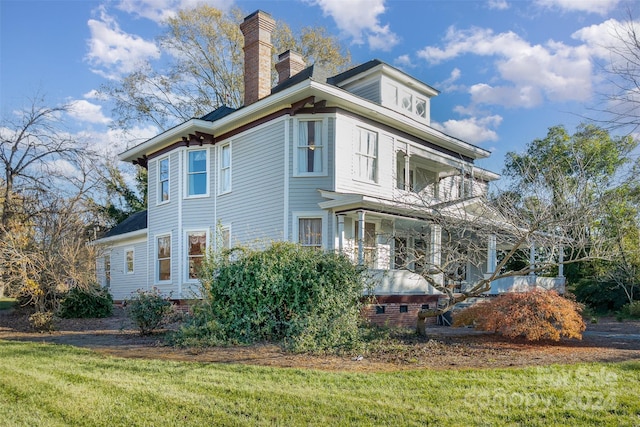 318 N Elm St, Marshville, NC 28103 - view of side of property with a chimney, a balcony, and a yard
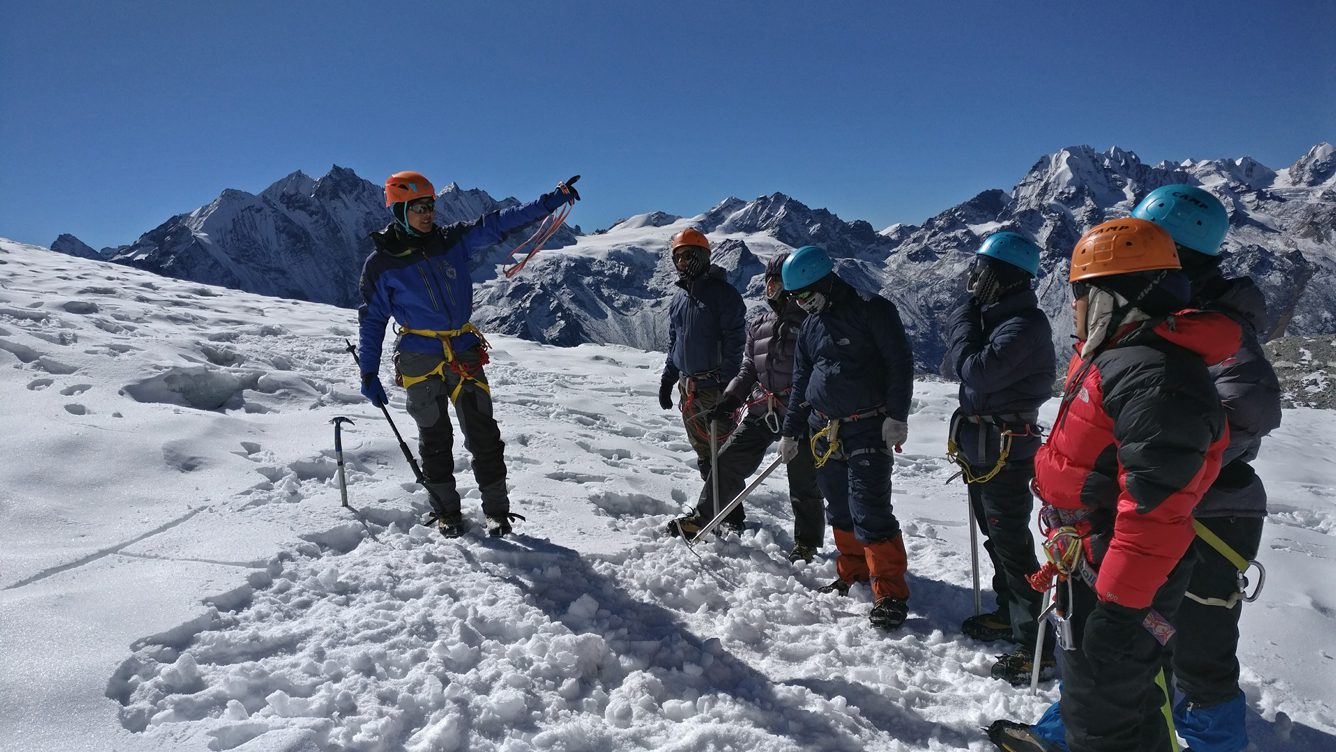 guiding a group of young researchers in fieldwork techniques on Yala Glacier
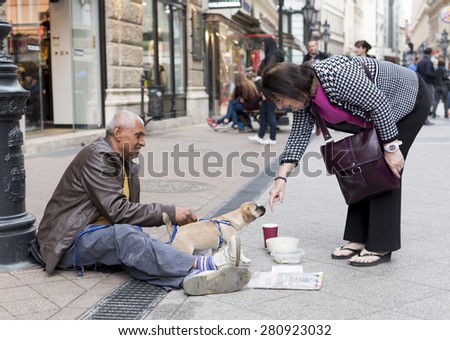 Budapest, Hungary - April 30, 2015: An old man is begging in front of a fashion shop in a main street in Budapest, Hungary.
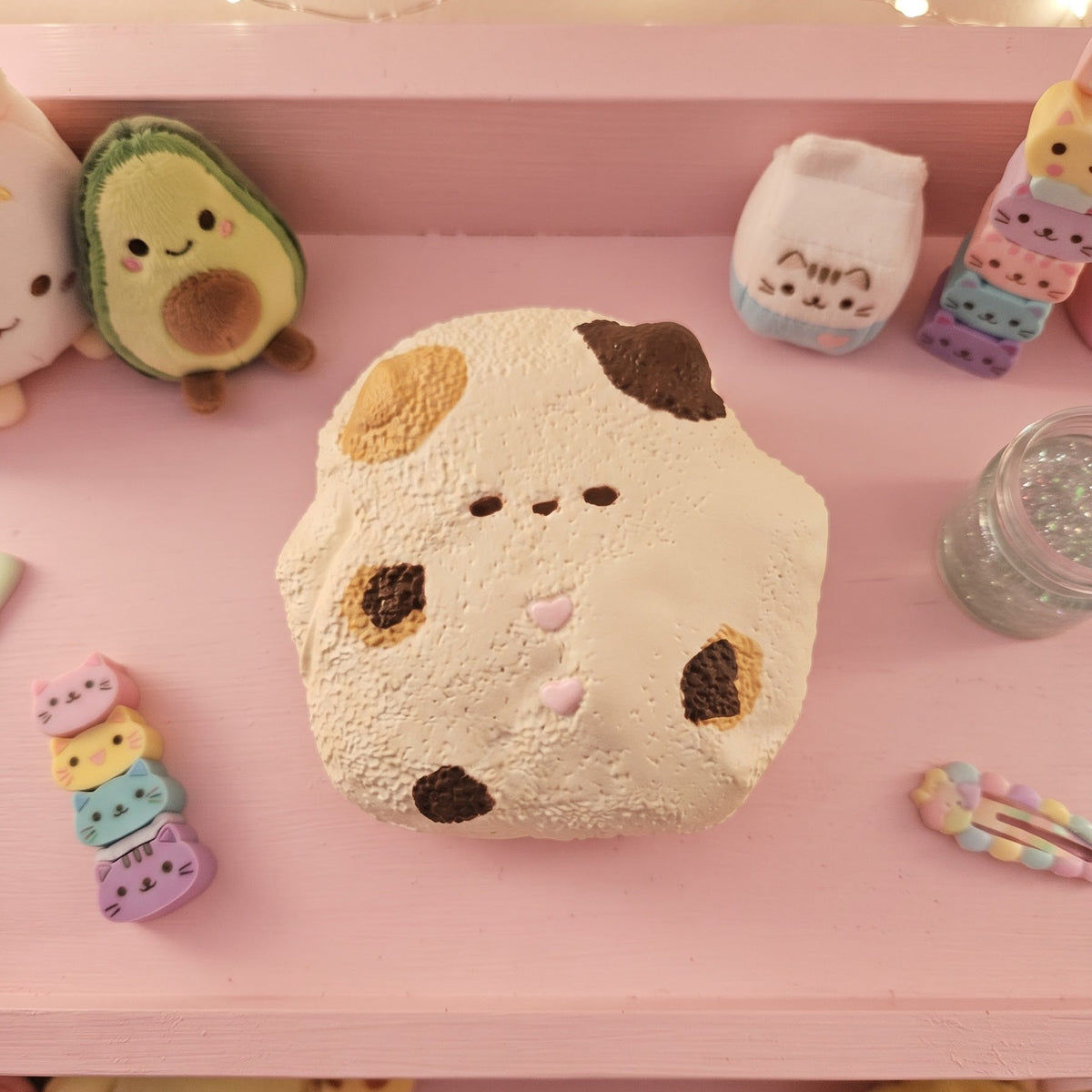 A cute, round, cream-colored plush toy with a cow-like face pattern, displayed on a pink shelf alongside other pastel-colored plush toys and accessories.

--

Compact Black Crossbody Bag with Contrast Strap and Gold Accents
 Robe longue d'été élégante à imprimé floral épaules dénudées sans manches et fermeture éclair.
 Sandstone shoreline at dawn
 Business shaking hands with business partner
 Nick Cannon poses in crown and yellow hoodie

* * *

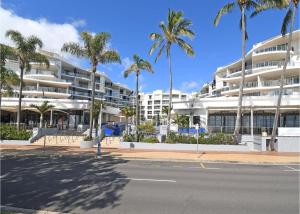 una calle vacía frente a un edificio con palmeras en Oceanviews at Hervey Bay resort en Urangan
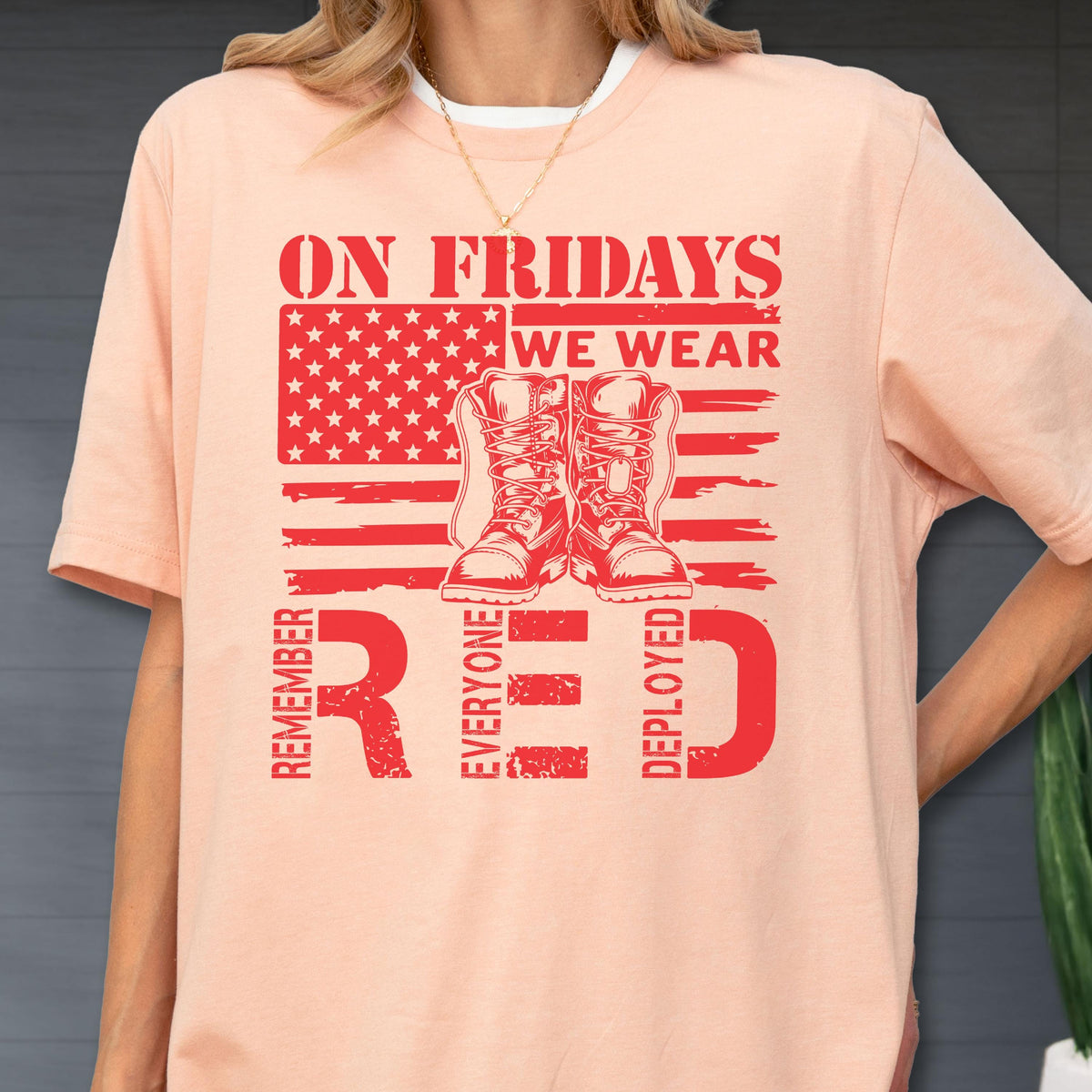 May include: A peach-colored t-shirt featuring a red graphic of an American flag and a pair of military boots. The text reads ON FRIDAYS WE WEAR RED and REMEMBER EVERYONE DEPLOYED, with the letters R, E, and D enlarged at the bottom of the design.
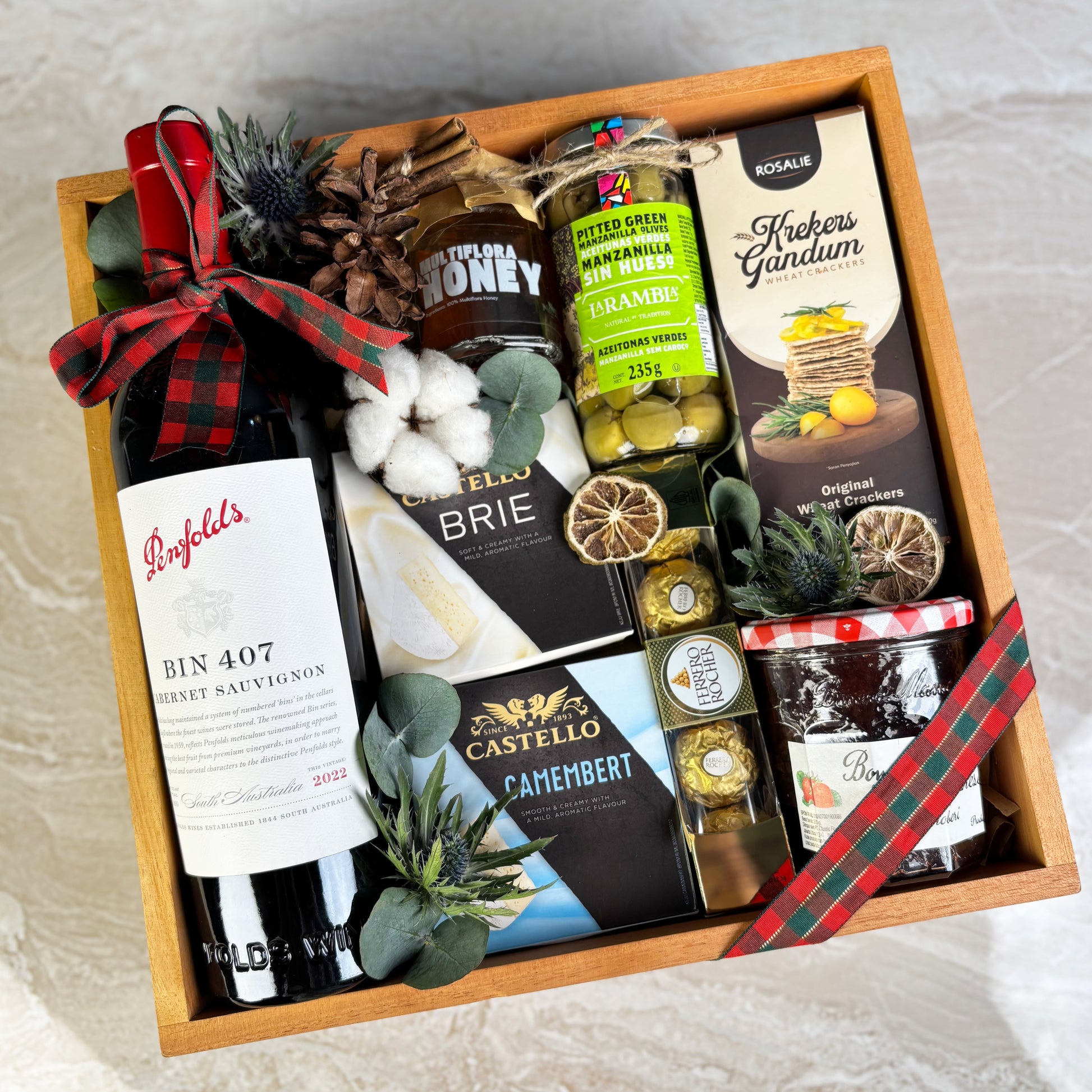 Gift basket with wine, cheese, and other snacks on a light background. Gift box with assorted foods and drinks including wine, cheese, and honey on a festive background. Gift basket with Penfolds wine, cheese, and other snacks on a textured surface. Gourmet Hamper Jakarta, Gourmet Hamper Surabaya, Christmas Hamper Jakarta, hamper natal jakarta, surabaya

## Task directions
Retype, exactly and in full, the lines above from the one containing "Compact Black Crossbody" through the one containing "Nick Cannon poses in crown and yellow hoodie".

## Solution
Compact Black Crossbody Bag with Contrast Strap and Gold Accents
 Robe longue d'été élégante à imprimé floral épaules dénudées sans manches et fermeture éclair.
 Sandstone shoreline at dawn
 Business shaking hands with business partner
 Nick Cannon poses in crown and yellow hoodie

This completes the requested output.